FIG. 5 is a diagram illustrating an example of the shared block specifying information. In FIG. 5, the explanation is given for an exemplary case when, in the search area of each reference image at a different viewpoint, the position of the corresponding macroblock is set to “0” and the macroblocks are numbered in sequence from top left to bottom right. In such a case, as illustrated in FIG. 5, assume that the RD cost is the smallest for the macroblock for which the number “3” represents the relative position from the corresponding macroblock in the search area of the reference image at the viewpoint “0”. In that case, the setting unit 106 generates “view_index=0, blk_index=3” as the shared block specifying information.

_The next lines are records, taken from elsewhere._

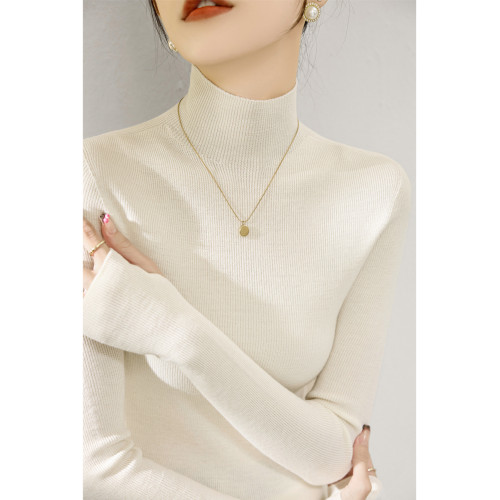 冬季新款高領長袖內搭打底衫2024年時尚洋氣套手指設計修身上衣女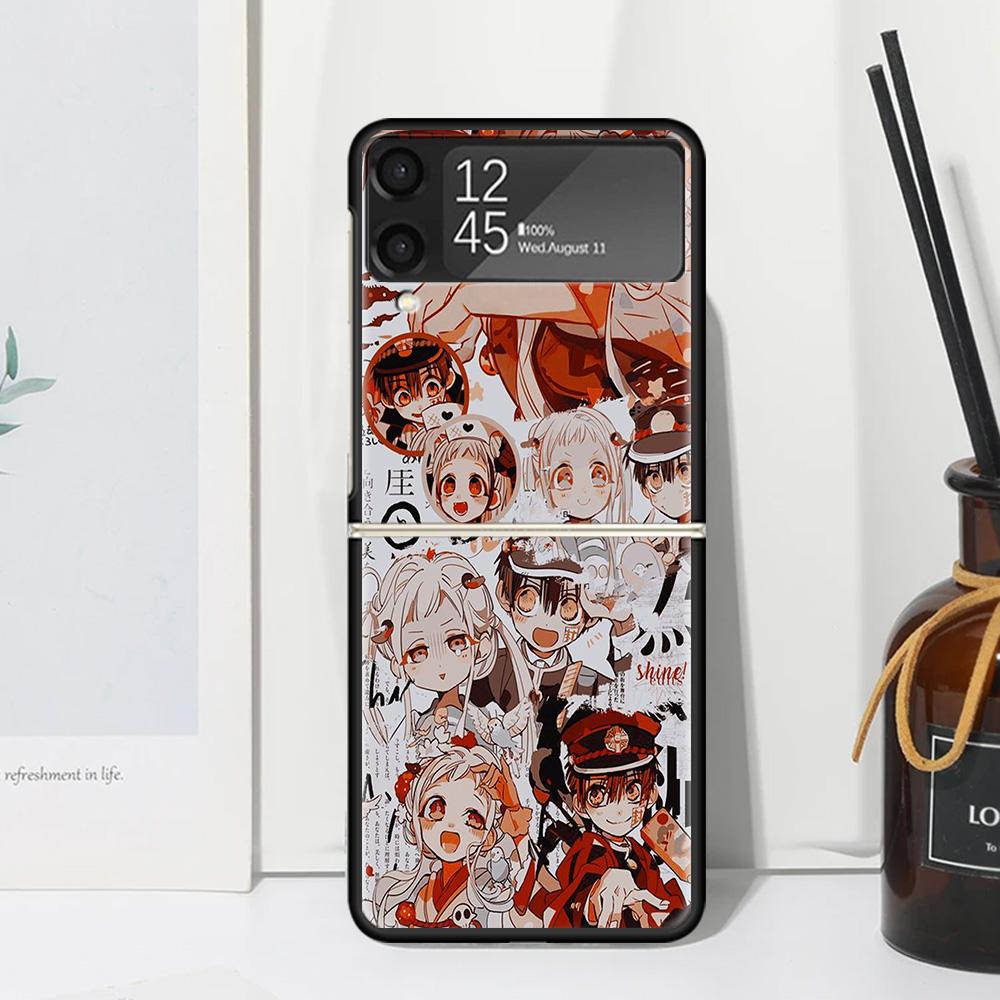 Anime Toilet Bound Hanako Kun Phone Case For Samsung Galaxy Z Flip Zflip 6 Flip6 5 Flip5 4 Flip4 3 Flip3 5G Art Fundas Black Cov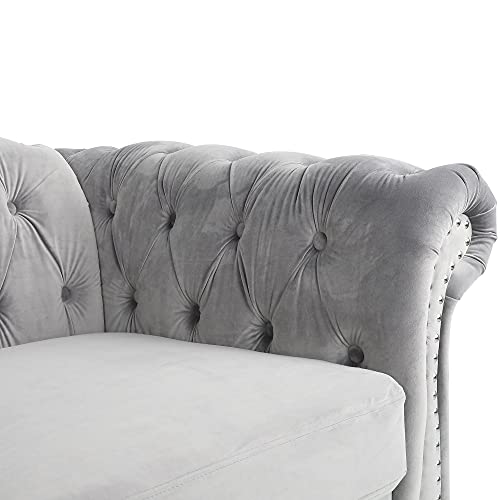 Image of ORRD Chesterfield Sofa Velvet, Modern Tufted Couch 3 Seater with Rolled Arms and Nailhead for Living Room, Bedroom, Office, Apartment (Grey)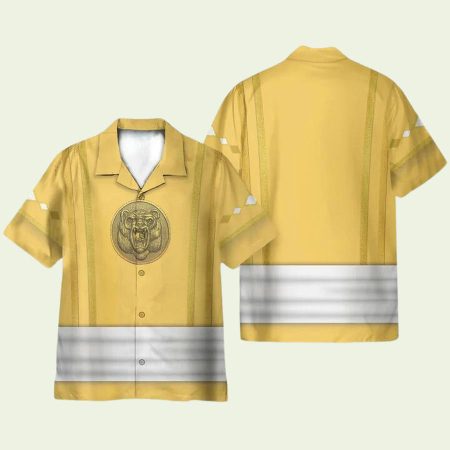 Mighty Morphin Power Rangers Movie Ninja Yellow Bear Cosplay Hawaiian Shirt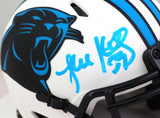 Luke Kuechly Autographed Panthers Lunar Speed Mini Helmet- Beckett W *Baby Blue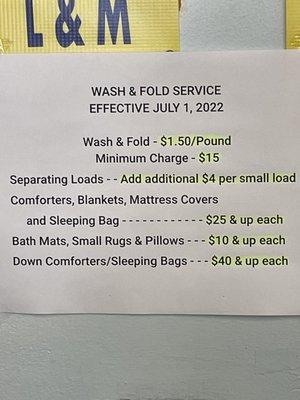 Updated prices for wash & fold service 5.18.2003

Returning to the explanation with reference to FIG. 1, the obtaining unit 107 receives encoded data S(v′) of a different viewpoint that includes the shared block set by the setting unit 106 (i.e., the shared block specified in the shared block specifying information). Then, either from the encoded data S(v′) of the different viewpoint or from the shared block, the obtaining unit 107 obtains encoding information used at the time of encoding the shared block. In the first embodiment, as the encoding information, the obtaining unit 107 obtains, for example, a prediction mode (PredMode), a motion vector (Mv), and an index (ref_index) that specifies the reference image.


Based on the encoding information obtained by the obtaining unit 107, the generating unit 108 generates a prediction image and outputs that prediction image. Thus, during the encoding of a target macroblock for encoding, the encoding information of the shared block in the already-decoded parallax image R(v′) at a different viewpoint is shared.



FIG. 6 is a diagram illustrating an example of sharing the encoding information. As illustrated in FIG. 6, when the generating unit 108 generates a prediction image from a target macroblock for encoding; a prediction mode (PredMode): L0 prediction, a motion vector (Mv): (10, 20), and an index (ref_index)=1 specifying the reference image are considered as the encoding information that was used at the time of encoding the shared block (macroblock) set with respect to that target macroblock for encoding.


Herein, although the encoding information used in the target macroblocks for encoding and the shared block is common, the reference images stored in the buffer 105 and used at the time of encoding the macroblocks are different. For that reason, the reference images that are referred to by the target macroblocks for encoding are different than the reference image that is referred to by the shared block.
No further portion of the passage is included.